Stored entries
------------------------------------------------------------

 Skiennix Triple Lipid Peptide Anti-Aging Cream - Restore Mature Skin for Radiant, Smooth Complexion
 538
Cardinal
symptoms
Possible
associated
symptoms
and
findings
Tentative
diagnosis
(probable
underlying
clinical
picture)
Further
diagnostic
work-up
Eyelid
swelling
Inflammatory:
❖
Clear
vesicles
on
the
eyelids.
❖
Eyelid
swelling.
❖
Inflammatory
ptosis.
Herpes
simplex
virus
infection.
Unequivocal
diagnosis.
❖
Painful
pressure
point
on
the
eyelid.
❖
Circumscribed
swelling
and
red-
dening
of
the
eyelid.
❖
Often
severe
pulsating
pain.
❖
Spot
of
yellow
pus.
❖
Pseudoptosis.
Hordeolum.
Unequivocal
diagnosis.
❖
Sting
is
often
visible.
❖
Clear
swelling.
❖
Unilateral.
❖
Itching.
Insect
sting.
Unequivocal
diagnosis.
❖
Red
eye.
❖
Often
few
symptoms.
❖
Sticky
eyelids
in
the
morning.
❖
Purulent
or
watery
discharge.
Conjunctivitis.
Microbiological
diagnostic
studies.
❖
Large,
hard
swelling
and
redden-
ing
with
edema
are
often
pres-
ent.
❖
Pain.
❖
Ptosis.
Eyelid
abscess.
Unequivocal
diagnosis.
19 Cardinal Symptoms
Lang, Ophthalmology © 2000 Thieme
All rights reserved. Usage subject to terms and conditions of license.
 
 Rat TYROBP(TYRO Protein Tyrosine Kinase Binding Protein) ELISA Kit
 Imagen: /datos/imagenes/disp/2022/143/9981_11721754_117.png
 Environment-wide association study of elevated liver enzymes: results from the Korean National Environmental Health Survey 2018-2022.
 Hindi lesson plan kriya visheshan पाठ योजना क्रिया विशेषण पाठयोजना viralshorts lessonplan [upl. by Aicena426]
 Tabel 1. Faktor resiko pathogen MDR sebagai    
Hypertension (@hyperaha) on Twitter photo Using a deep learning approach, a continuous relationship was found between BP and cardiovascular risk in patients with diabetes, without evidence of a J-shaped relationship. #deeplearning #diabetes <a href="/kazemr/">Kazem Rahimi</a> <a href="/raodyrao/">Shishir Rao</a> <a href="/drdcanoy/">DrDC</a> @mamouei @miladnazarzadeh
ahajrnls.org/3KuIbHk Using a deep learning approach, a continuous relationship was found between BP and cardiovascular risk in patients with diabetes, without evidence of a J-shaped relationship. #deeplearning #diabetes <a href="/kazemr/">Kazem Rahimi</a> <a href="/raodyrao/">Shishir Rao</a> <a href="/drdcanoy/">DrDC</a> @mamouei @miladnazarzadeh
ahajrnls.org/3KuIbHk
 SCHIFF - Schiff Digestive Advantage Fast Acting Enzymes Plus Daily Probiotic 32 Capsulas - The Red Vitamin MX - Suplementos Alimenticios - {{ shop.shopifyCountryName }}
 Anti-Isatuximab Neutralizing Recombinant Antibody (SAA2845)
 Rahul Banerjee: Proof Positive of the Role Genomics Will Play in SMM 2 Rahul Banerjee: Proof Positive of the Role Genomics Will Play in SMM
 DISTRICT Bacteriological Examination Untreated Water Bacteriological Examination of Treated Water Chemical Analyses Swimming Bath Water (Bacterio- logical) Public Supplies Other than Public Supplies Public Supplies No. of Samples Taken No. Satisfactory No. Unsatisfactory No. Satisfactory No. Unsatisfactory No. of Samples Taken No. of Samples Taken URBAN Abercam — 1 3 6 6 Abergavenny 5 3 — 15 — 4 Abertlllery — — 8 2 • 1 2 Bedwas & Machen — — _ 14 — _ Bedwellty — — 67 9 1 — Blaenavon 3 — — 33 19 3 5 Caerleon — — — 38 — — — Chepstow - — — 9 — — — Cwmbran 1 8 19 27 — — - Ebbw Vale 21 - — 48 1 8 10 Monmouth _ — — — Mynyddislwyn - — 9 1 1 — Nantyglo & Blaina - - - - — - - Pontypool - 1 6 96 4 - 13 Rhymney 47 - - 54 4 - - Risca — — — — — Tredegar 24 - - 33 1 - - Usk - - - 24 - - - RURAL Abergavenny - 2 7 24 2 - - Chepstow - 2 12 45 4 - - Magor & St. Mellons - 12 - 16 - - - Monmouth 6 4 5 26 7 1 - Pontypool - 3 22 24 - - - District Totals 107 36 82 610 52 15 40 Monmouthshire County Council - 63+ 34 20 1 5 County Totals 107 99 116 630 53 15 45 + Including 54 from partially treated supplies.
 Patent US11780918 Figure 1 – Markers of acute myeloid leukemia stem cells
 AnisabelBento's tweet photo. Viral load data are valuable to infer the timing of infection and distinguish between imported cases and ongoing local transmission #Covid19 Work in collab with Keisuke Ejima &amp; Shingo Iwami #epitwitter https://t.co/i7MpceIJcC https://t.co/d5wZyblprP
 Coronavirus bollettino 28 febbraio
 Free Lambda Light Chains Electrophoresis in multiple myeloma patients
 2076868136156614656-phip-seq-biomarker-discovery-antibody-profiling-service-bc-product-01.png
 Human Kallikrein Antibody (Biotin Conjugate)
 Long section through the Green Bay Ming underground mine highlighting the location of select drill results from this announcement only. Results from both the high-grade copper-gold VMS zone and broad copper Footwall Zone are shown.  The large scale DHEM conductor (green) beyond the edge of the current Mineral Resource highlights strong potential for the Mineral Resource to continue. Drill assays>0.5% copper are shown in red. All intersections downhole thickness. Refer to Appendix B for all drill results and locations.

------------------------------------------------------------

Exercise prompt —
Take exactly the lines from the one containing "Conjunctivitis." through the one containing "Hindi lesson plan" in the data above, and output them with nothing added.

Result for this exercise —
Conjunctivitis.
Microbiological
diagnostic
studies.
❖
Large,
hard
swelling
and
redden-
ing
with
edema
are
often
pres-
ent.
❖
Pain.
❖
Ptosis.
Eyelid
abscess.
Unequivocal
diagnosis.
19 Cardinal Symptoms
Lang, Ophthalmology © 2000 Thieme
All rights reserved. Usage subject to terms and conditions of license.
 
 Rat TYROBP(TYRO Protein Tyrosine Kinase Binding Protein) ELISA Kit
 Imagen: /datos/imagenes/disp/2022/143/9981_11721754_117.png
 Environment-wide association study of elevated liver enzymes: results from the Korean National Environmental Health Survey 2018-2022.
 Hindi lesson plan kriya visheshan पाठ योजना क्रिया विशेषण पाठयोजना viralshorts lessonplan [upl. by Aicena426]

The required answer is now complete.